After resting for a few hours at home, we went to Maseru Sun hotel to the buffet to celebrate for Ntate Moorosi’s birthday. It was a great evening—we had a lot of fun eating, talking, and singing happy birthday. It was funny because we saw a waiter bringing a cake so we started singing happy birthday, but then the guy walked right passed us and gave the cake to another table. It was kind of embarrassing, but funny. Then another cake was brought to us just after.

On Thursday I had a really interesting day at work. I was feeling worse than I did on Wednesday, but I had already planned to teach a personal finance class to the staff. It was a really good class; I enjoyed teaching and I think the staff really appreciated my help. Some of them were very new to using a computer, but at least they have access to the computer teacher if they need help.

After lunch we had a meeting to review the employee contracts. It was difficult for many reasons—first of all, I don’t know the employment laws in Lesotho; second, I have no experience with contracts; third, there are five different versions between the different employees and two are working without any sort of contractual agreement. I am going to see what I can do to work on that situation.

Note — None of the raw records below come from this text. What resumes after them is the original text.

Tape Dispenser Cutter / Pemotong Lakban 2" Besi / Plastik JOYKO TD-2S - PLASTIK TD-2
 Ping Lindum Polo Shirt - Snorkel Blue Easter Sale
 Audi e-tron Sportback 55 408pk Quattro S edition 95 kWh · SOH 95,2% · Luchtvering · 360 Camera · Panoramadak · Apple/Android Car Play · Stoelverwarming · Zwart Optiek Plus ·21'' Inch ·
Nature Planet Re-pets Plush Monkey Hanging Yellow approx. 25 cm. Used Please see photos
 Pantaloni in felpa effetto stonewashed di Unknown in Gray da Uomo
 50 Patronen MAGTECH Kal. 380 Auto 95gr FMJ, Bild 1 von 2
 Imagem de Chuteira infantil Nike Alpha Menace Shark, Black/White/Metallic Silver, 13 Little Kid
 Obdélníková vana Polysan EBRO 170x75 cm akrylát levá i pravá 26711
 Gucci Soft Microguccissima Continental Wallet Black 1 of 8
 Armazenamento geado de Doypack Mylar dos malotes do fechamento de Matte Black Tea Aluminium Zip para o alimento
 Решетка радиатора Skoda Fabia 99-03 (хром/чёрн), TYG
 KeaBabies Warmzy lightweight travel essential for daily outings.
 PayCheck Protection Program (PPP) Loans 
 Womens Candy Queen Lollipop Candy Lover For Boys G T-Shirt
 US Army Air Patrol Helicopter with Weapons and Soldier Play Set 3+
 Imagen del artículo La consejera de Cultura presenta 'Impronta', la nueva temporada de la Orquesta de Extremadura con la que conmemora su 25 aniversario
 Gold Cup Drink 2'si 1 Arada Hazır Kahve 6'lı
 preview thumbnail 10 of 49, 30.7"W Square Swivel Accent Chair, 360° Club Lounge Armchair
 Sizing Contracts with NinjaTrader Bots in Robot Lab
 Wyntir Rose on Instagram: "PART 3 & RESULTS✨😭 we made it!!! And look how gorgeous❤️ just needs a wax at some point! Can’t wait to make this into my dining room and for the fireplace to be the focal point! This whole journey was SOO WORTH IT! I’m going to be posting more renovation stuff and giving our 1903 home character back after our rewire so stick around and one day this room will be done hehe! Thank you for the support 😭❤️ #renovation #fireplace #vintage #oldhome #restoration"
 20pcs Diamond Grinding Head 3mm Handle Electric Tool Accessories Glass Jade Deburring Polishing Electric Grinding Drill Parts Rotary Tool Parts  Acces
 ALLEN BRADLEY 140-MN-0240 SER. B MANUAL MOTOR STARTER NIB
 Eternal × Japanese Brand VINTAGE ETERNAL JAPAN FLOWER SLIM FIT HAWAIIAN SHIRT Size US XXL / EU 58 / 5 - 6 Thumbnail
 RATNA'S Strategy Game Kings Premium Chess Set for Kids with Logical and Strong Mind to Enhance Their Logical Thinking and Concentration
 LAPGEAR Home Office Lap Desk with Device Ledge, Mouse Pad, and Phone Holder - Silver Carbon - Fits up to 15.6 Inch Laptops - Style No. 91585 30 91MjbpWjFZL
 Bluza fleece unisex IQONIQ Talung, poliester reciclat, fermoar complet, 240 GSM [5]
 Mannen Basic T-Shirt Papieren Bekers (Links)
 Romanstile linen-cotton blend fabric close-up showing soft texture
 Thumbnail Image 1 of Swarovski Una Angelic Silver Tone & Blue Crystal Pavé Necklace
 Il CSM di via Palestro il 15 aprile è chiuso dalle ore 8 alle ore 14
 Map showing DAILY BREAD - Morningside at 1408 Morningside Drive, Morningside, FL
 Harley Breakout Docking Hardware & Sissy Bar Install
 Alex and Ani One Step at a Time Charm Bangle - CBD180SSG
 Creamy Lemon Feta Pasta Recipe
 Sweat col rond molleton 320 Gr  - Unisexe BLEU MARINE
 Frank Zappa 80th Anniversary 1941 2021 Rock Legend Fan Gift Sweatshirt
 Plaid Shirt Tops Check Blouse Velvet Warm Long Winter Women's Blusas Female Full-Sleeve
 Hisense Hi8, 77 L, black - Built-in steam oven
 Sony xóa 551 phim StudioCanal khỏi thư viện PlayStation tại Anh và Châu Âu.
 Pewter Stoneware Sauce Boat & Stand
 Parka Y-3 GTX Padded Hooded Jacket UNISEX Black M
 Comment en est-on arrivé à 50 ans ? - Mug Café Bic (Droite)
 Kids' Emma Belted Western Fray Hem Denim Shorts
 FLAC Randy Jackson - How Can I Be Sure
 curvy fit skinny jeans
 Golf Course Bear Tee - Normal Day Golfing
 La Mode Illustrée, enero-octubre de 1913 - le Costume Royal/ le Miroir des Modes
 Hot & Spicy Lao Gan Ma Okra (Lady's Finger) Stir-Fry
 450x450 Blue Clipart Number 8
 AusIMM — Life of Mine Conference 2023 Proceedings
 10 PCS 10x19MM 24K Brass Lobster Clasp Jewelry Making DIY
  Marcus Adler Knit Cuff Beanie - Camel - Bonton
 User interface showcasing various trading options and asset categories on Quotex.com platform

Friday I was feeling even worse, almost as bad as I first had on Tuesday, so I didn’t go to work. I watched cartoons with the kids and slept. I also watched the inauguration ceremony for the new Prime Minister. This is the first peaceful change of government since Lesotho’s independence in 1966. Now today I have done nothing but send this email. At least today I am feeling a little better. Being sick changes everything; it has helped me appreciate how well I usually feel. I hope that everything will be back to normal by Monday.

Though I have been sick the whole week, it has still been eventful and fun. I am still happy. Many adventures await me next week.

Update: So I meant to post this on Saturday, and then Sunday, but on both days the power went out in the whole town. I first thought it had to do with the snow. Apparently not, as the snow was gone by Sunday. I asked Mme and Ntate about it (the power shut off three times Sunday evening) and they said it was maybe an effort by the city to limit people's power usage. It is cold so everyone is using more power than usual. Perhaps it is an effective way to send people to bed and conserve. Also I’m feeling much better today. Good news :)

And now some pictures:

Kholu and her dance partner at the competition

Me with Gayla and Katleho on Sunday

The incarnation of the Holy Ghost according to the IPHC church... I find these stickers everywhere

Katleho’s bad hair day!

Snow on Saturday. Meanwhile I hear its in the hundreds in AZ!

Sala le Molimo,



  1. Snow in Africa! Who would have thought?

  2. what do you know about the incarnation of the holy ghost?

  3. @Tebogo- I believe in an embodied God and in His Son Jesus Christ, also a being with a resurrected body. As for the Holy Ghost, I believe that He is a person of Spirit. This is how He can guide and direct us and dwell in us.